If unsure at any phase, ask. Asking is cheap. Building the wrong thing is expensive.
Don't narrate the phases to the user ("Now entering Phase 3"). Just do the work.
Don't use this skill's terminology in user-facing messages (slide_type, action_title, takeaway, slides.md, "ghost deck test" stay internal).
Languages: respond in whatever language the user uses; keep deck content in the user's language.

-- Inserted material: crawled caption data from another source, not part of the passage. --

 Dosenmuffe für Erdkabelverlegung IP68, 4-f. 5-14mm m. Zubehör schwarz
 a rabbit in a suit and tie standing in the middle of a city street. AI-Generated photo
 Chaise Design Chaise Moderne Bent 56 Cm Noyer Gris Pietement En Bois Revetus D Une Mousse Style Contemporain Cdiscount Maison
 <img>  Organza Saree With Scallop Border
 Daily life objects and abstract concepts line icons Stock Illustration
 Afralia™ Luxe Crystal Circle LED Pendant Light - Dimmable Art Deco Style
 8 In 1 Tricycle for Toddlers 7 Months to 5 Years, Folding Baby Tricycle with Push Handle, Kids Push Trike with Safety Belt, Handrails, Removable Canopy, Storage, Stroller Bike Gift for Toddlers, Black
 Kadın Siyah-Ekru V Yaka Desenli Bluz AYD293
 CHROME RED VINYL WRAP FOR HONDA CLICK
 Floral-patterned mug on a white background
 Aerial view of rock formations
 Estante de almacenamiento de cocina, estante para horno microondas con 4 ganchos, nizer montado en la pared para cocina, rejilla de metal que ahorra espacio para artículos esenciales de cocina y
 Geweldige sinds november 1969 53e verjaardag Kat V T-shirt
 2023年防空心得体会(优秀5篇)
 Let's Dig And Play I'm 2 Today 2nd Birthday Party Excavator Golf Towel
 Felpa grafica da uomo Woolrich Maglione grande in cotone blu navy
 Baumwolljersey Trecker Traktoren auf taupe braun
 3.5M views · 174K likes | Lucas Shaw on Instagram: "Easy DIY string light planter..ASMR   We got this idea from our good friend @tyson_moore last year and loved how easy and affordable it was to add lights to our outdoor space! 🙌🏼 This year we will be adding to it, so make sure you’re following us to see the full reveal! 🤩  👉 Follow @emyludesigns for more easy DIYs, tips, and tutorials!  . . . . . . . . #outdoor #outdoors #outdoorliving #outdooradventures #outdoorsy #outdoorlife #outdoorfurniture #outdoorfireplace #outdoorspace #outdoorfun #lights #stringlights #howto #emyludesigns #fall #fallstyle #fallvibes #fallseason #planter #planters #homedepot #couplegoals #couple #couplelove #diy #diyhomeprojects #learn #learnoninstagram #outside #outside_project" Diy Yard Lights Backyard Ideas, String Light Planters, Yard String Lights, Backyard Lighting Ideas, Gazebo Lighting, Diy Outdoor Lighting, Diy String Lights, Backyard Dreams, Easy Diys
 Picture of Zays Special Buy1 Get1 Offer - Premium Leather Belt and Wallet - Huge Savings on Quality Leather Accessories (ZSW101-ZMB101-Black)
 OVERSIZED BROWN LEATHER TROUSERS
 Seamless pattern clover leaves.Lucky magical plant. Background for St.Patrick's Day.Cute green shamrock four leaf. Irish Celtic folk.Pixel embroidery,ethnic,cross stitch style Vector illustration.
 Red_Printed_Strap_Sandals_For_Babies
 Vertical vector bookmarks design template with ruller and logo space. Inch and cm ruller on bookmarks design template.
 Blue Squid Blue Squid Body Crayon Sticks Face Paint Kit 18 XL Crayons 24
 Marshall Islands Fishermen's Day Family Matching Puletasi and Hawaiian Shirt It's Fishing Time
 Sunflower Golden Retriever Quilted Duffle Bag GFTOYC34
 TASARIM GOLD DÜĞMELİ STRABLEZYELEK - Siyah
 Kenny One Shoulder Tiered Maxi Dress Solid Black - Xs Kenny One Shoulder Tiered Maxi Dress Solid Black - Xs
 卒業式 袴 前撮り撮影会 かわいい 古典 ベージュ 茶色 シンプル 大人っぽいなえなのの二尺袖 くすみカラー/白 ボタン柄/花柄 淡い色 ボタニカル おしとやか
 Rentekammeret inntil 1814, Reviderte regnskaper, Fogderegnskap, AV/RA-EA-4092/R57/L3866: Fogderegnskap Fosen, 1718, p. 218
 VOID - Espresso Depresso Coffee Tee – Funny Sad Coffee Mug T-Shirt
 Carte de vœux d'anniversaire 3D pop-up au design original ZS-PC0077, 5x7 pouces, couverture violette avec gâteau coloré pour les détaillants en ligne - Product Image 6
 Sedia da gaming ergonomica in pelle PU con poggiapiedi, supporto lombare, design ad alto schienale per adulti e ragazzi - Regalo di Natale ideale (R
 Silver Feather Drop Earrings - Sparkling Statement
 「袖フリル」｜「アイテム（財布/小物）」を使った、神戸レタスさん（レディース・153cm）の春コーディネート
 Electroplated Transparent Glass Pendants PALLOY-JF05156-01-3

Reference Files (Progressive Disclosure)

Read only when the matching phase needs them — don't preload.

File	When to read
`references/modes/<mode>.md`	Phase 0, after mode is identified
`references/extract/*.md`	from-files, per file type (docx, pdf, md, images, pptx, xlsx, json)
`references/patterns.md`	Phase 2 (narrative arcs) + Phase 4 (expansion principles, anti-patterns, language-native phrasing, delivery callout)
`references/images.md`	Phase 4 image placement rules
`assets/styles/_index.md`	Phase 3, to pick 3 candidates and run the preview procedure
`assets/styles/<preset>.md`	Phase 5c HTML, for CSS variables, typography scale, component recipes, layout patterns, Do's/Don'ts, CJK notes
`references/slides-md-spec.md`	Phase 5b, before writing slides.md
`references/fixtures/slides_minimal_valid.md`	Anytime you need a canonical validating example
`references/render/html.md`	Phase 5c HTML rendering + QA
`assets/viewport-base.css`	Phase 5c HTML, viewport scaling system

Dependencies

Bundled scripts (under scripts/): extract/extract_docx.py / extract/extract_pdf.py / extract/extract_pptx.py, qa/combine_style_previews.py, qa/qa_serve.py.
Python: python-docx, pdfplumber, pymupdf, defusedxml, pandas (for .xlsx/.csv extraction).
Optional: Playwright for HTML→PDF.

Note: HTML rendering is done by you (the AI) — no external script needed. Read the style and component references and generate the HTML directly.